The primacy of gracious speech

In his otherwise very good homily at Holy Mass on Thursday, 09-January-2014, Pope Francis (commenting on the first Reading from 1 John 4:11-18) said something which could be misleading:

There is a question we must each ask ourselves: “If I abide in Jesus, if I abide in the Lord, if I abide in love, what do I do for God – not what do I think or what do I say – and what do I do for others?”. Therefore, he said “the first criteria is to love with deeds, not with words”. “The wind carries away our words: today they are here and tomorrow they are gone”.

In his zeal to see a more visibly loving Church, it is clear that Pope Francis significantly underestimates the importance and the power of words.  Most often, the first encounter of other persons with us will be their hearing of our words.  The way in which people express themselves in words has been seriously corrupted by our culture, as well as by our lack of knowledge of Sacred Scripture.  Ordinary conversation is now laden with negativity, complaining, sarcasm, slander, gossip, hypocrisy, falsehood, vulgarity, lack of eye contact, no smile, feeble efforts at humor in order to mask insecurity, and fear of mentioning our Lord and anything related to Him.  Our disordered desire for isolation has produced people who increasingly neglect to acknowledge others with a simple, friendly greeting.  The first impression we make on someone will likely be with our words, and contrary to Francis’ belief that “the wind carries away our words,” that first impression is often one which is lasting.

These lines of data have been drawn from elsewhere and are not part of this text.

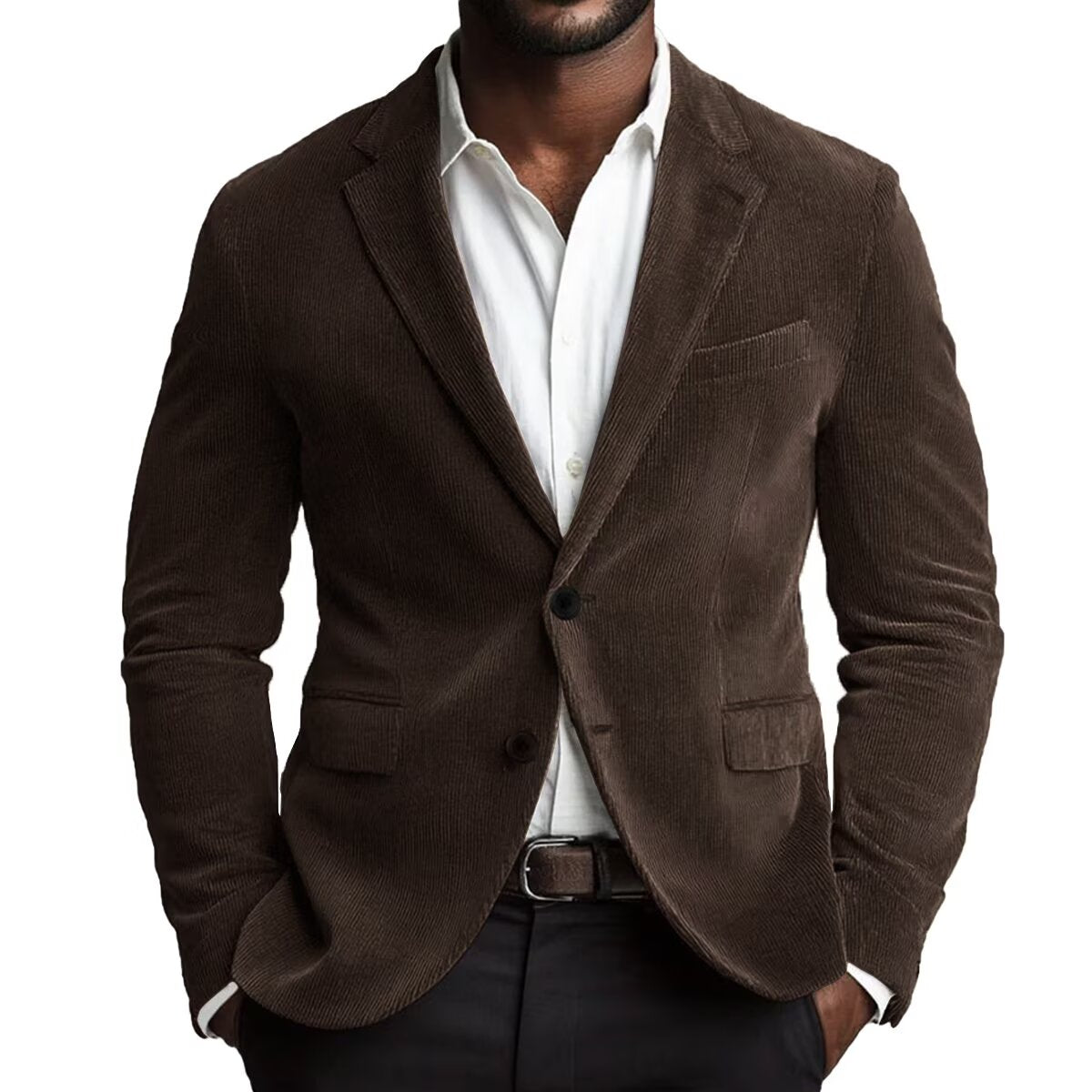 Men's coffee corduroy jacket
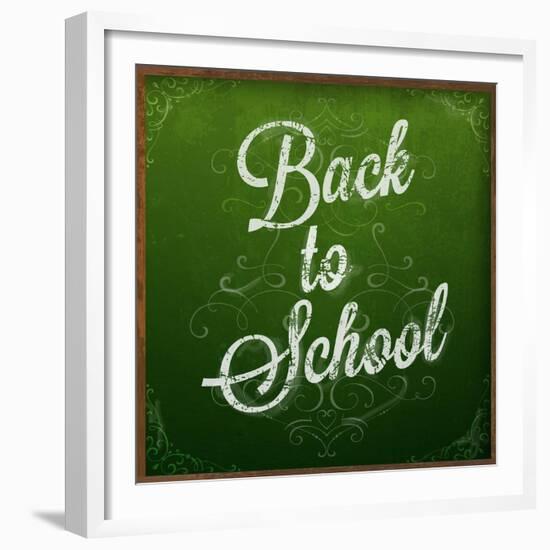 Back to School, Chalk Blackboard-Ozerina Anna-Framed Premium Giclee Print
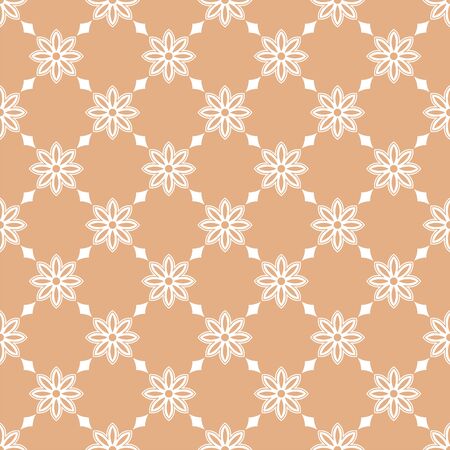 Seamless pattern in retro style with geometric and floral elements. Vector illustrationのイラスト素材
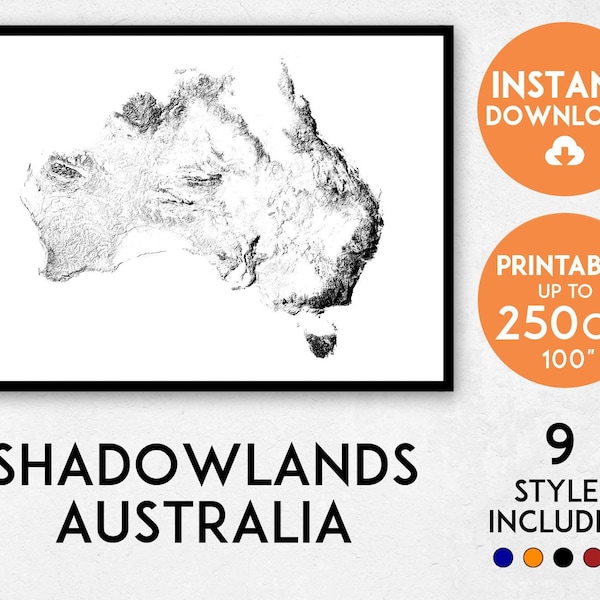 Shadowlands Australia map print, Australia print, Australia poster, Australia wall art, Map of Australia, Australia art print, Sydney map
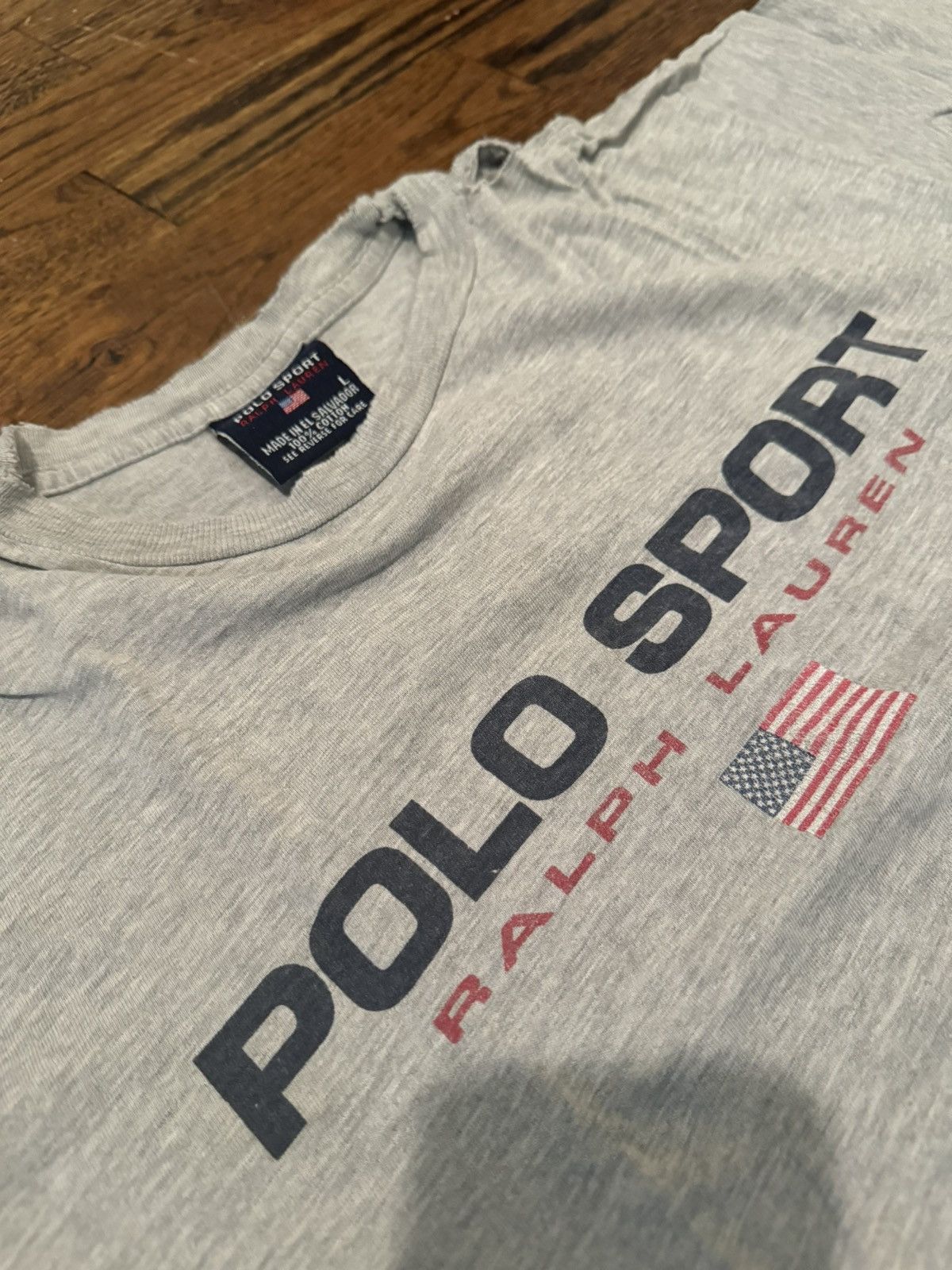 Polo Ralph Lauren Polo Sport Grey Tee Vintage Size US L / EU 52-54 / 3 - 3 Thumbnail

If we are truly disciples of Jesus, we should be seeing the face of Christ in everyone we encounter.  We should also be striving to have whatever we say to others be born of self-giving love.  Our speech should be filled with friendliness, affirmation, gratitude, truth and graciousness:

Let your speech always be gracious, seasoned with salt, so that you know how you should respond to each one. (Colossians 4:6)

Therefore, putting away falsehood, speak the truth, each one to his neighbor, for we are members one of another….No foul language should come out of your mouths, but only such as is good for needed edification, that it may impart grace to those who hear.  (Ephesians 4:25,29)

The LORD loves the pure of heart; the person of winning speech has a king for a friend.  (Proverbs 22:11)

Opportunities to do loving deeds for those we encounter in daily life are relatively infrequent.  In contrast, every one of those encounters offers us the opportunity to speak words in a loving manner.  Loving actions can often be impersonal, and therefore easier to perform.  It’s possible to “love with deeds” and not actually be in the presence of the person who is the recipient of your love.  However, many of us find it intimidating and uncomfortable to look someone in the eye and, with a smile, affirm them, express our gratitude to them, or gently correct them.  One-on-one conversation is a very personal encounter.  This is precisely why it is so enduring.

Do not underestimate the primary importance of expressing our love with words, especially in our families!!!